Using the above, Multiplicative Hashing and 64bit Tabulation Hashing are implemented in ChainedHashTable and LinerHashTable, respectively. The following is an example of Tabulation Hashing:


// tabulation hashing
lazy_static! {
    pub static ref TAB: [[u64; 256]; 8] = {
        let mut array = [[0; 256]; 8];
        for i in 0..8 {
            thread_rng().fill(&mut array[i]);
        }
        array
    };
}
pub fn byte_chunks_64(h: u64) -> [u8; 8] {
    [
        (h & 0xff) as u8,
        ((h >> 8) & 0xff) as u8,
        ((h >> 16) & 0xff) as u8,
        ((h >> 24) & 0xff) as u8,
        ((h >> 32) & 0xff) as u8,
        ((h >> 40) & 0xff) as u8,
        ((h >> 48) & 0xff) as u8,
        ((h >> 56) & 0xff) as u8,
    ]
}
...
    fn hash(&self, x: &T) -> usize {
        // u64 tabulation hashing

        let mut v = 0u64;
        let h = x.hashcode();
        let chunks = byte_chunks_64(h as u64);
        for (i, c) in chunks.iter().enumerate() {
            v ^= TAB[i][*c as usize];
        }
        v = v.overflowing_shr(Self::W - self.d).0;
        v as usize
    }

Note that implementations are based on Boxed Slice for the same reason as the array-based list.


// ChainedHashTable
#[derive(Clone, Debug, Default, Eq, Ord, PartialEq, PartialOrd)]
pub struct ChainedHashTable<T> {
    t: Box<[ArrayStack<T>]>,
    n: usize,
    d: usize,
    z: usize,
}

// LinerHashTable
#[derive(Clone, Debug, Eq, Ord, PartialEq, PartialOrd, Copy)]
enum Elem<T> {
    Val(T),
    Null,
    Del,
}
#[derive(Clone, Debug, Default, Eq, Ord, PartialEq, PartialOrd)]
pub struct LinearHashTable<T> {
    t: Box<[Elem<T>]>,
    n: usize,
    q: usize,
    d: u32,
}

Chapter 6 ~ 10: Tree, Tree, more Trees.

Chapters 6 through 10 deal with tree structures with almost the same base structure, except BinaryHeap.
BinaryTree, BinarySearchTree, Treap, ScapegoatTree, RedBlackTree, and MeldableHeap could all be implemented using the following data structure base.
Except for RedBlackTree, the rest are straightforward to implement.

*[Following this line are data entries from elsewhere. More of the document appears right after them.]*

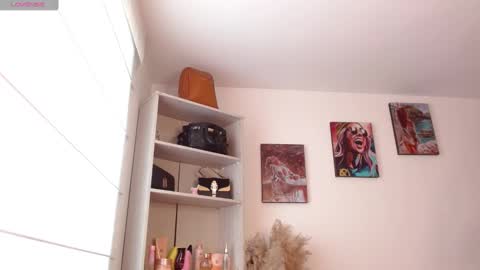   online show from February 2025 03:15:02 PM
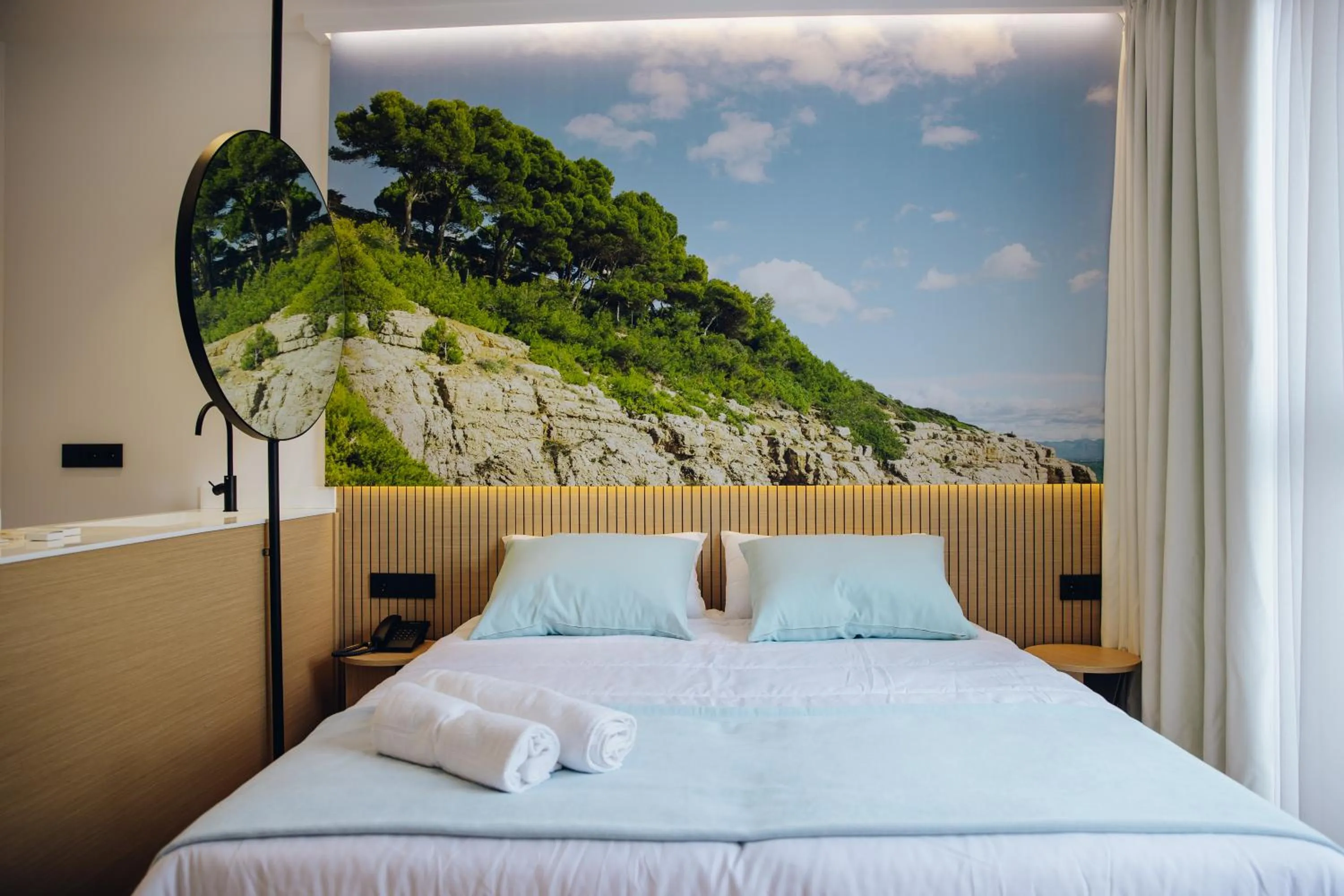 Bed in Alannia Salou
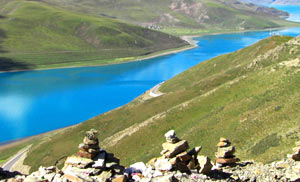 Yamdrotso lake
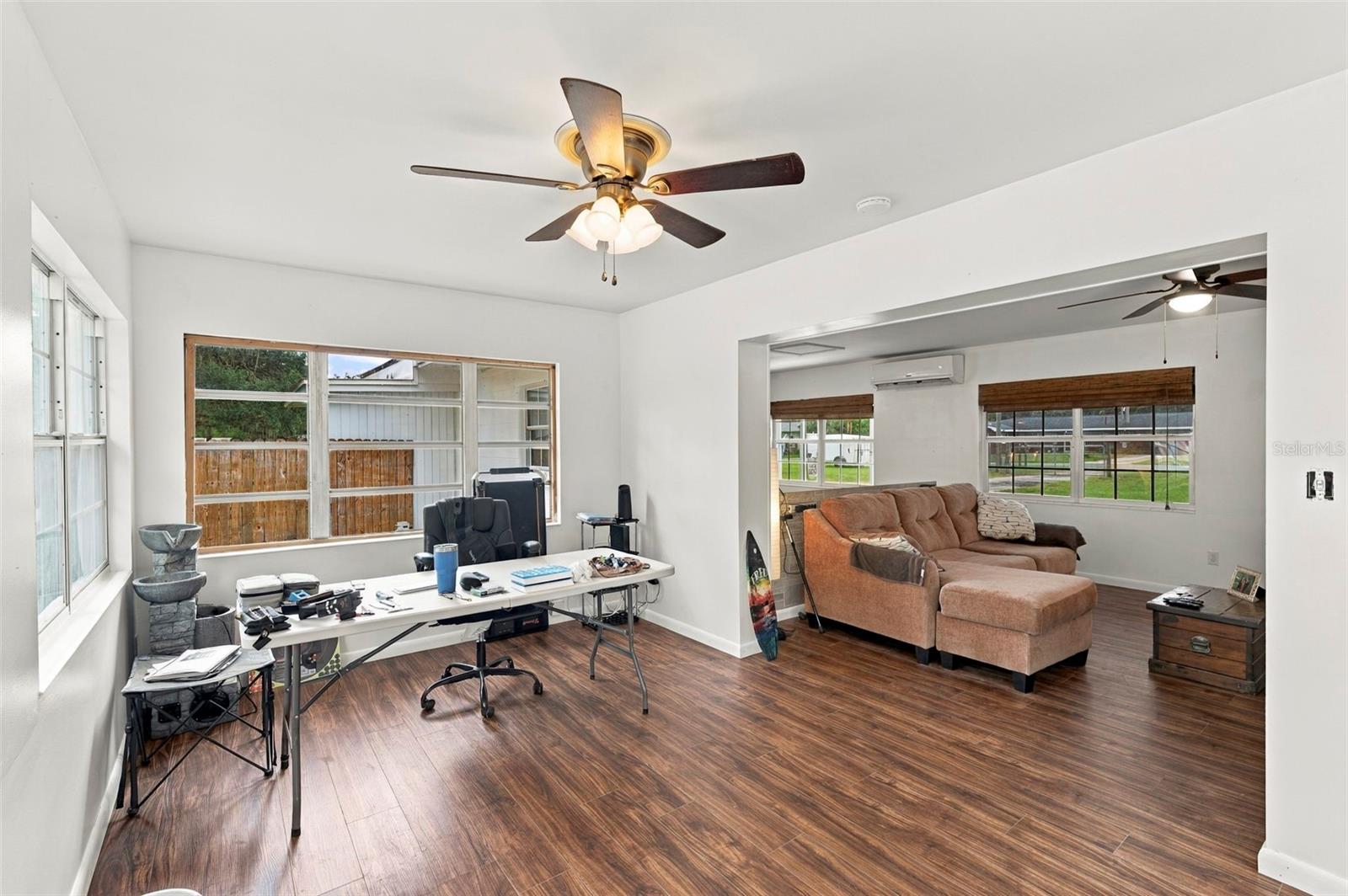 TB8555774 Property Photo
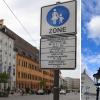 Die Stadt will untersuchen, wie sich der Fußgängerzonen-Test auswirkt: In der Maximilianstraße wurde kürzlich mit Sensoren der Verkehr gezählt.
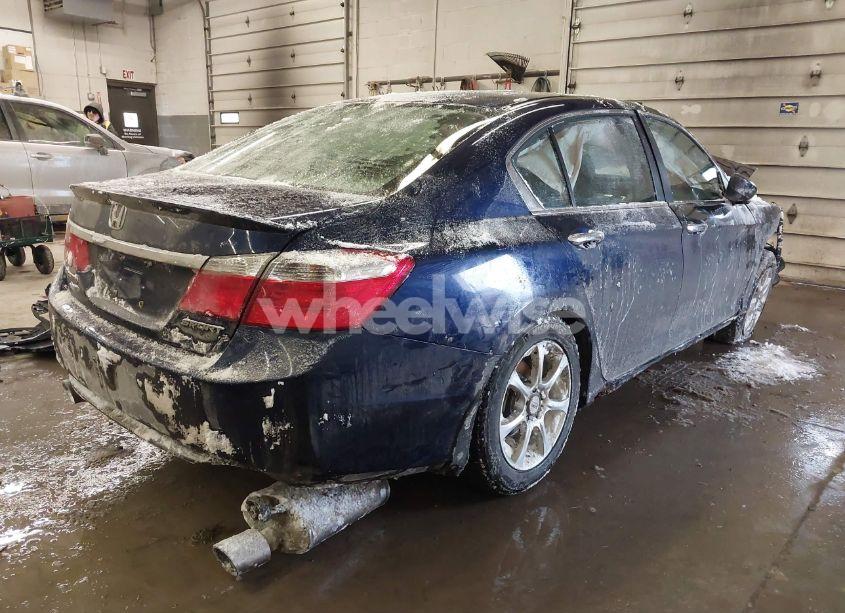 Photo 4 of 2014 Honda Accord SPORT (VIN 1HGCR2F5XEA017697)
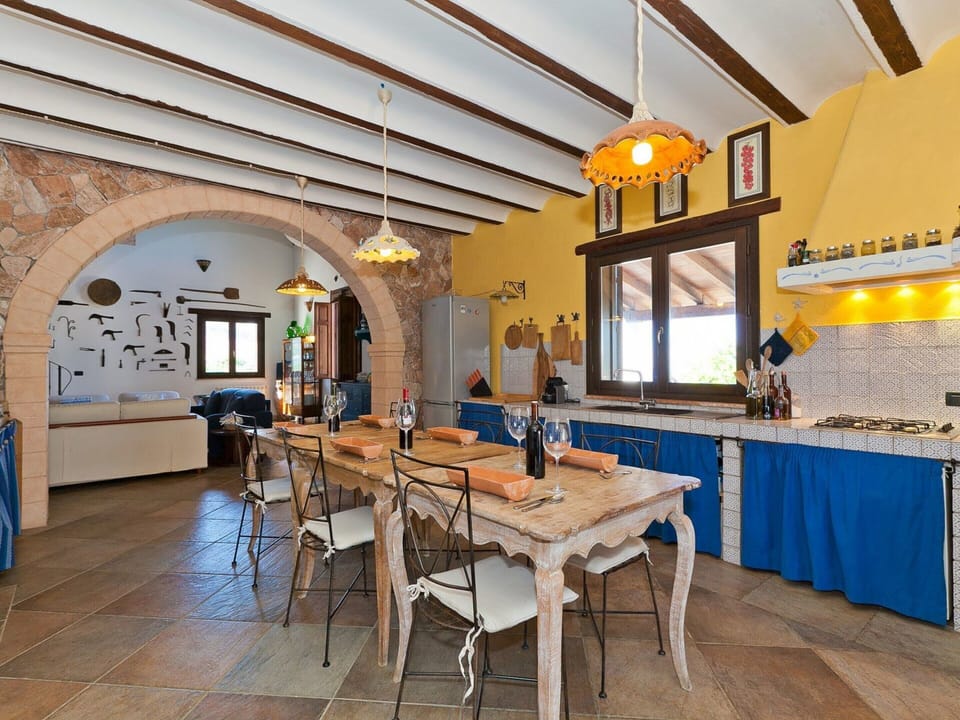 House | Private kitchen | Coffee/tea maker, electric kettle, highchair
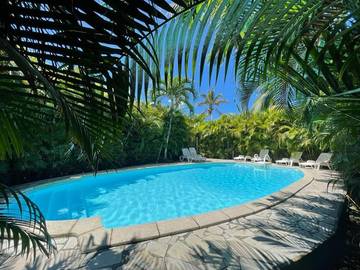 Parc de vacances pour 4 personnes, avec terrasse et vue ainsi que piscine et jardin en Guadeloupe
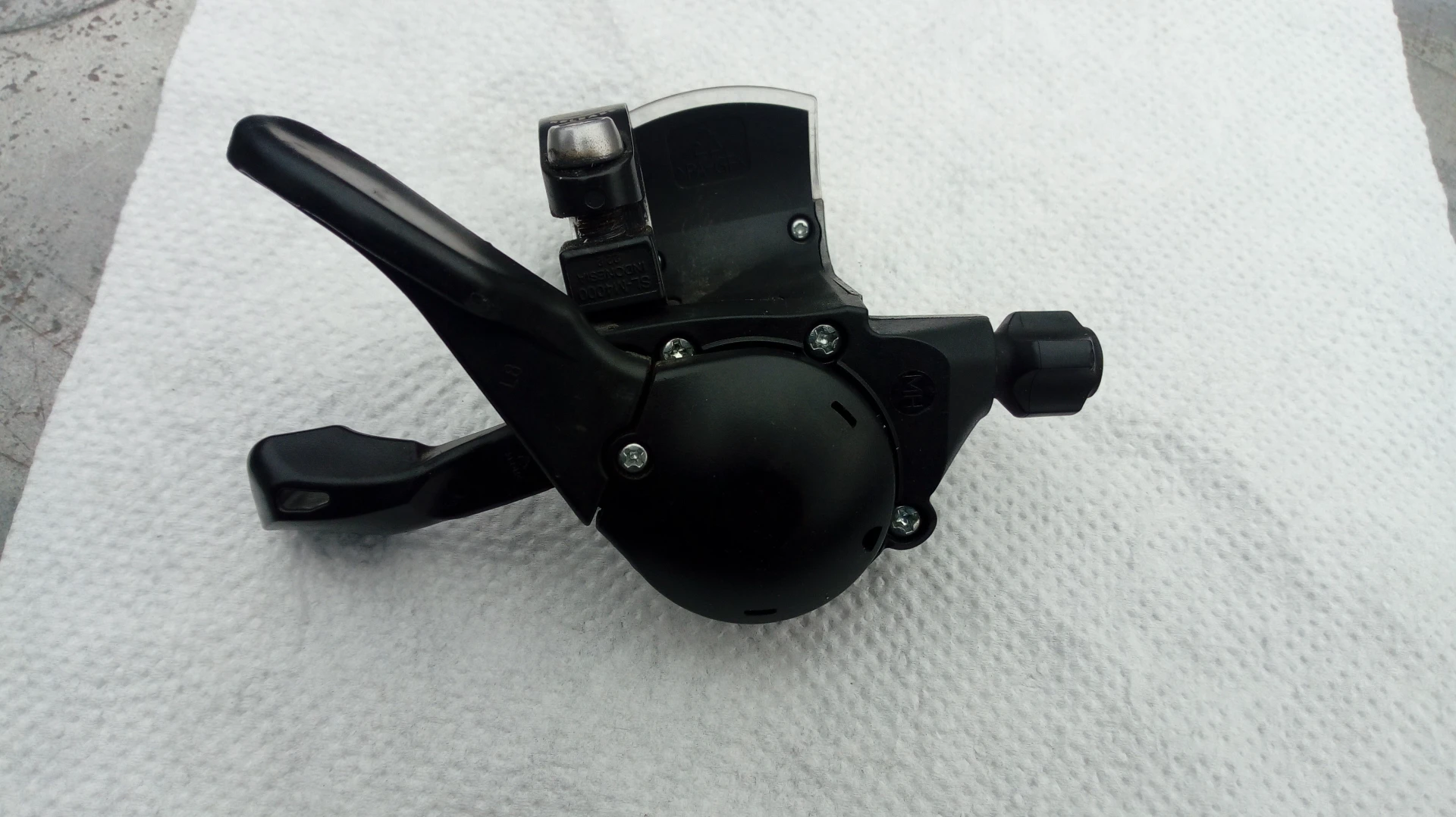 1. Maneta schimbator foi Shimano Altus two way realease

#[derive(Clone, Debug, Default)]
pub struct BTNode {
    left: RefCell<Option<Rc<BTNode>>>,
    right: RefCell<Option<Rc<BTNode>>>,
    parent: RefCell<Option<Weak<BTNode>>>,
}

It is almost the same as Linked List. The only difference is using RefCell<Option<Rc<BTNode>>> instead of Option<Rc<RefCell<Node>> because it seems a bit simpler to implement.

The above data structure can represent various other tree structures by simply adding the necessary elements. For example, the RedBlackTree looks like the following. Just add the values and color information:


pub enum Color {
    Red,    // 0
    Black,  // 1
    WBlack, // 2
}

#[derive(Clone, Debug, Default)]
pub struct RBTNode<T> {
    color: RefCell<Color>,
    x: RefCell<T>,
    left: RefCell<Option<Rc<RBTNode<T>>>>,
    right: RefCell<Option<Rc<RBTNode<T>>>>,
    parent: RefCell<Option<Weak<RBTNode<T>>>>,
}

However, there is only one problem with RedBlackTree. In the C++ implementation of the ODS book, the part of the tree where the node does not exist is actively involved in preserving the properties of the Red-Black Tree as an external node Nil with black color. However, in the above implementation in Rust, the non-existent node is None, so it does not have any information about its parent or color. Therefore, as it is, it is not possible to perform calculations to maintain the properties of the Red-Black Tree.
But we can come up with a simple implementation if we realize that the external node is involved in the process only once and that the only information that matters in the process is the parent and its color. So we can't trace None back to its parent, but we can figure out children's color from its parent.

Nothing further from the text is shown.